EDIX大阪2025「AIが教育を変える!~学びの主導権は誰の手に?~」を聴講して

「第8回 EDIX(教育総合展)大阪」は、2025年6月11日(水)から13日(金)までの3日間、大阪府大阪市住之江区のインテックス大阪で開催されました。

EDIX大阪は、西日本最大級の教育関連展示会として、今年で8回目を迎えました。
今回の展示会では、教育ICTや教材、サービスなどを提供する企業約120社が参加し、会場には、AIを活用した学習ツールやVR教材、さまざまな製品・サービスが展示されていました。

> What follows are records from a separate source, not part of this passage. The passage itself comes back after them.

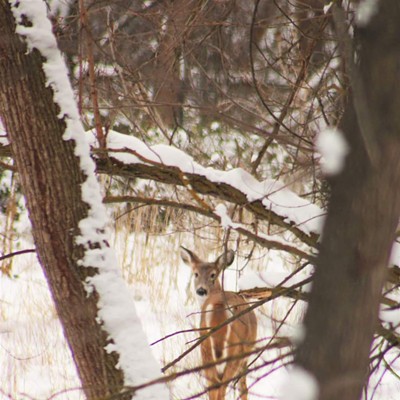 Deer up asotin creek on 1/1/22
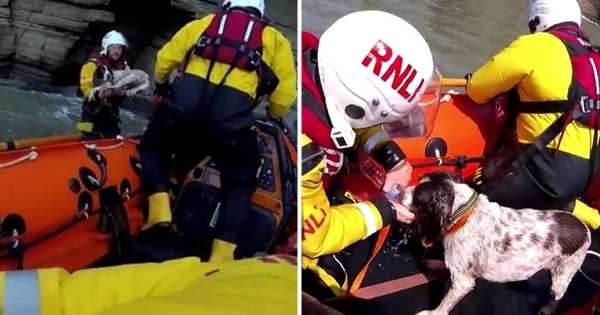 gardes-côtes sauvent chien disparu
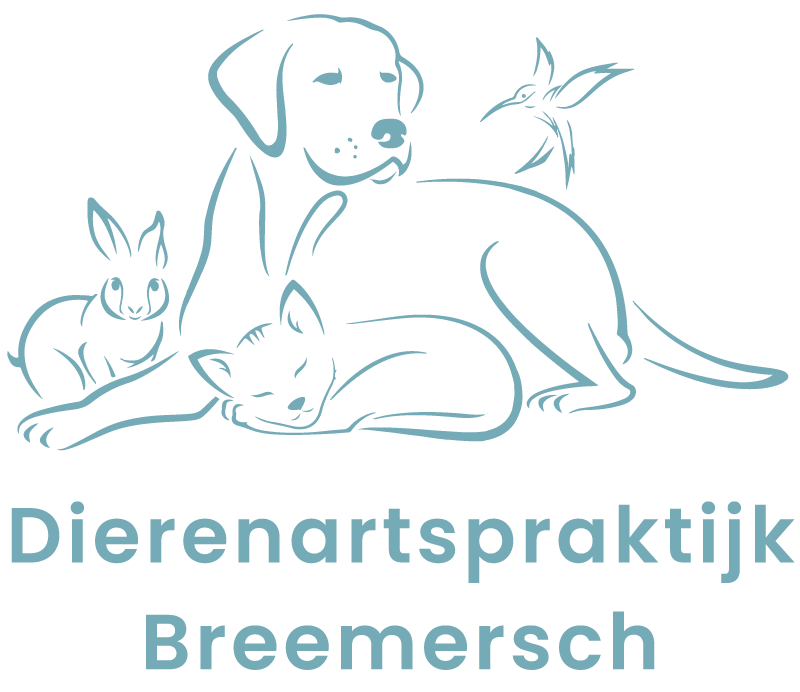 Logo dierenartspraktijk Breemersch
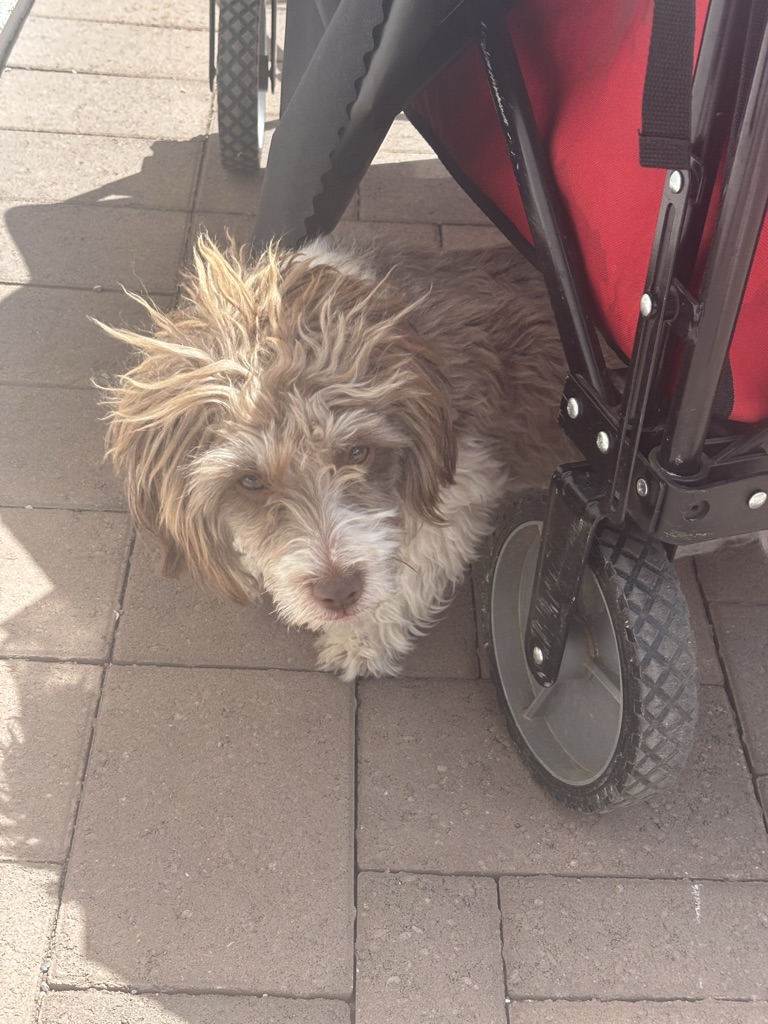 Free Need a home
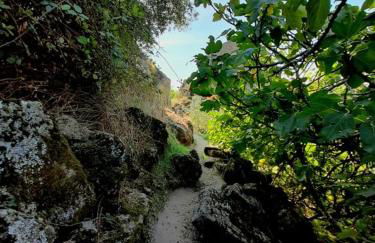 Casa Vinte & Cinco - Alojamento Local - Foto 98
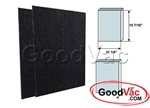 GoodVac Replacement Sharp Carbon Filters FZ-A80DFU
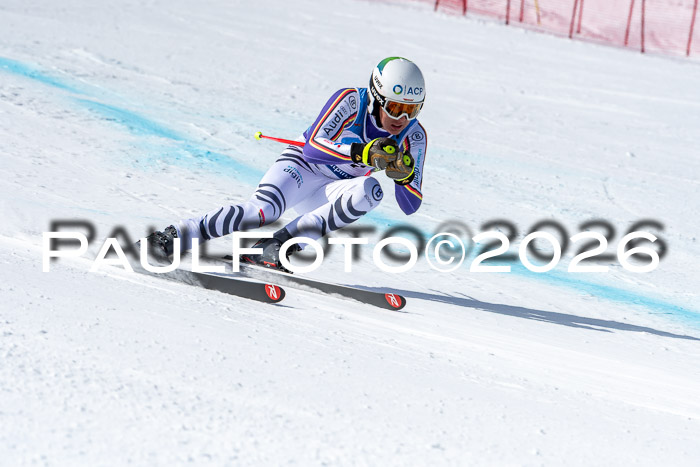 NC + NJC DH ,Frauen + Männer Axamer Lizum 25.03.2026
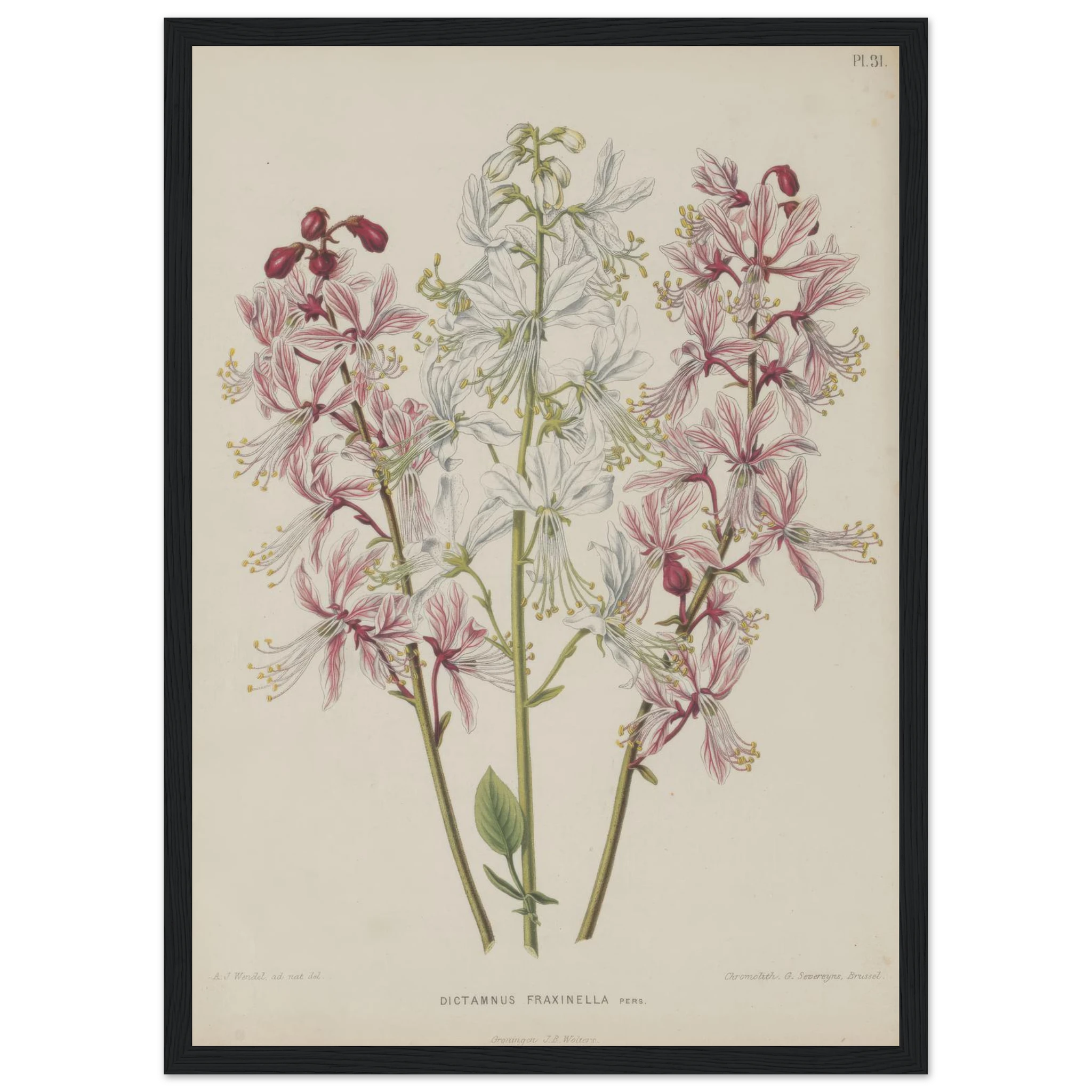 35f80496-0f0c-491a-a41a-8dc425d7ea2e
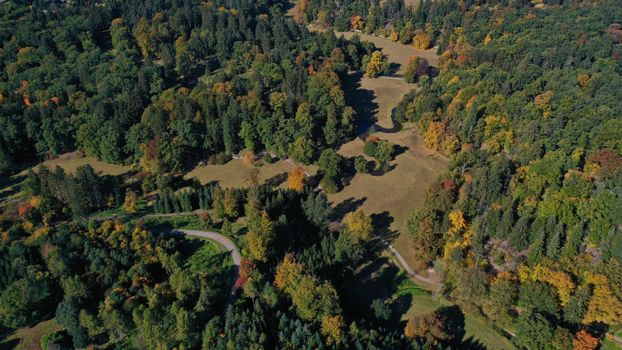 Drone shot capturing vibrant autumn forests with winding paths and open fields.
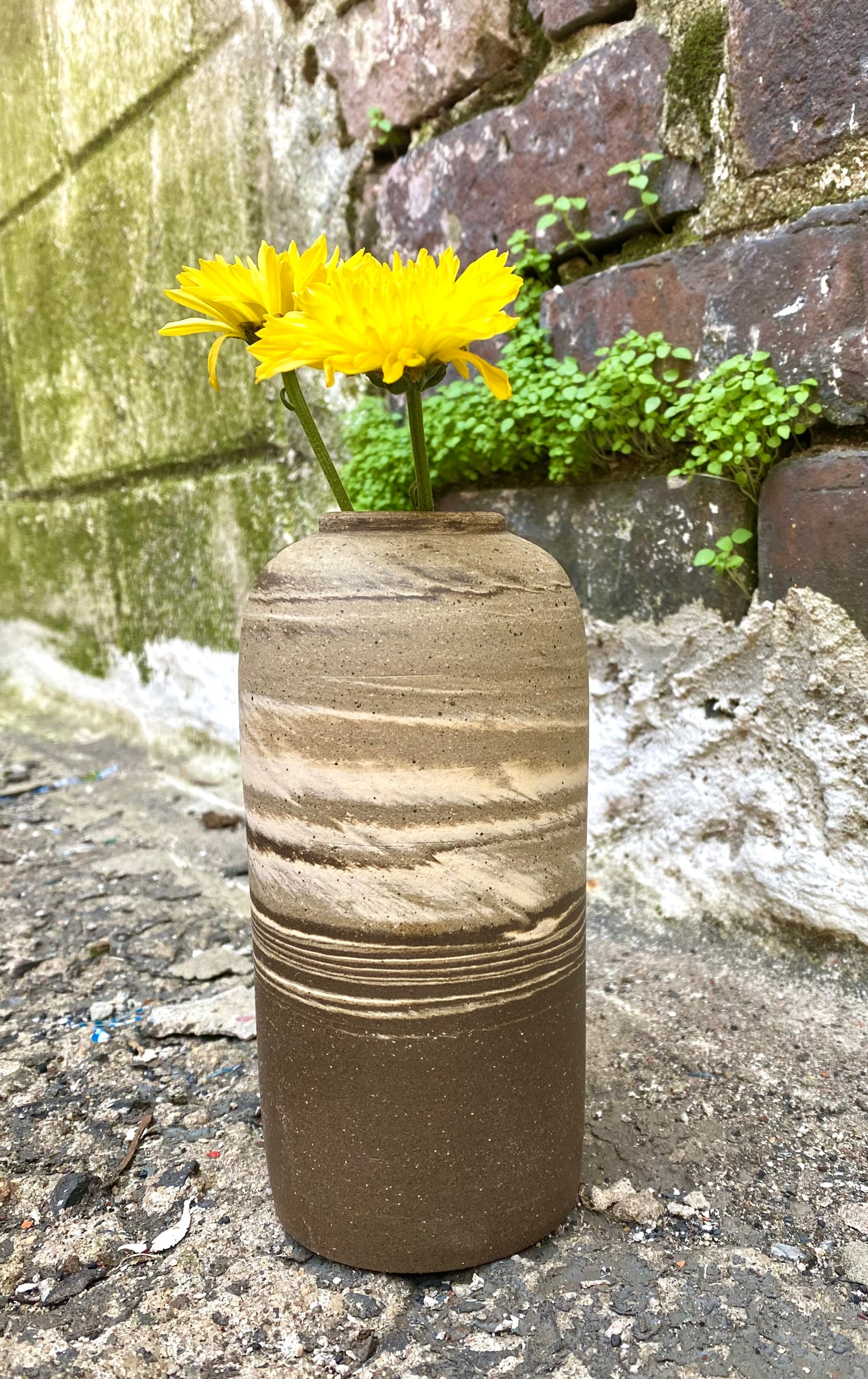 EARTH LINES: Marbled Clay Vase No11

私は12日に会場に出向き、「AIが教育を変える!~学びの主導権は誰の手に?~」を聴講しました。
本講演では、青山学院大学の安藤昇先生が進行役を務め、AIと教育の未来について、立教大学の谷口恵子先生、名古屋大学卒アイドルとして活動するあずきあずさんと多角的な意見交換が行われました。
それぞれの立場で考えるAIとの付き合い方を知ることができ、非常に興味深いセミナーでした。
ご一読いただけますと幸いです。

タイトル: 「AIが教育を変える!~学びの主導権は誰の手に?~」
日時: 2025年6月12日(木)11:30~12:30
場所: インテックス大阪

登壇者:
安藤 昇 氏(青山学院大学・青山学院中等部非常勤講師)
谷口 恵子 氏(立教大学経営学部兼任講師)
あずき あず 氏(名古屋大学卒アイドル)

安藤昇氏:教師は「伝達者」から「ファシリテーター」へ

安藤氏は冒頭で、「AIをどう使うか」から「何をAIに任せるか」という新たな問題提起をされました。
旧来の一斉授業を行う「伝達者」としての教師の役割が、生徒一人ひとりの学びの火をつけ、必要な言葉を届けるファシリテーターへと変化する必要性を訴えられました。
AIが進化する時代だからこそ、対面での「人だからこそできる」関わりの価値が、一層高まっていることを示唆されており、教師と生徒の関係性の変化が今後の教育の鍵となると言われていました。

谷口恵子氏:AI活用に不可欠な三つの力

AI活用コーチも務める谷口氏は、AIを効果的に活用するために必要な三つの力として、「試行錯誤力」「言語化する力」「楽しむ力」を挙げられました。
進行役の安藤氏がいつも楽しそうにパソコンに向きあい、AIを試している姿を紹介しつつ、AIという新たなツールに対して、大人も子どもも臆することなく、遊び心を持って主体的に向き合うことの重要性を語られました。
AIを単なる道具としてではなく、共に成長し、新たな可能性を切り拓くパートナーと捉える《楽しむ》姿勢こそが、これからの時代を生き抜く鍵となると強調されていました。

あずきあず氏:生徒が求める「良い先生」像

名古屋大学卒アイドルのあずきあず氏は、生徒の視点から「良い先生とは、やる気を引き出し、学びのきっかけを与えてくれる存在です」と語られました。
この視点は、安藤氏が示した「学びの火をつける」教師像と共鳴するものであり、生徒が自らの興味に基づき主体的に探究できる授業の重要性が示されました。
AIという新たなテクノロジーを前に、教師がファシリテーターとして生徒の学びを支援し、《生徒と教師》《生徒と生徒》がAIを活用して共に成長していくという教育の未来像について考えさせられました。

AIが変える教師の役割と学びの評価

今どきの先生方は、教材研究よりも生徒・保護者対応に追われるのが現状ですが、AIが個別最適化された学びをサポートすることで、教師は生徒一人ひとりの学びのモチベーションを刺激する役割に集中できるのではないか、という見解も示されました。
また、これからの学びは、問題の正解率で測る旧来型から「自分が何を学びたいかを見つけ出し、自らの個性を引き出す学び」へと移行していき、教育評価のあり方も変化していくのではないか、とのことでした。

まとめ:AIと協働する教育の未来へ

今回のセミナーは、AIが教育現場にもたらす変化、教師と生徒の新たな関係性、そして未来の学びのあり方について深く考える貴重な機会となりました。
AIが進化する中で、「人だからこそできること」の価値が再認識され、AIとの協働を通じて、生徒一人ひとりの可能性を最大限に引き出せる教育の実現への期待が高まる講演でした。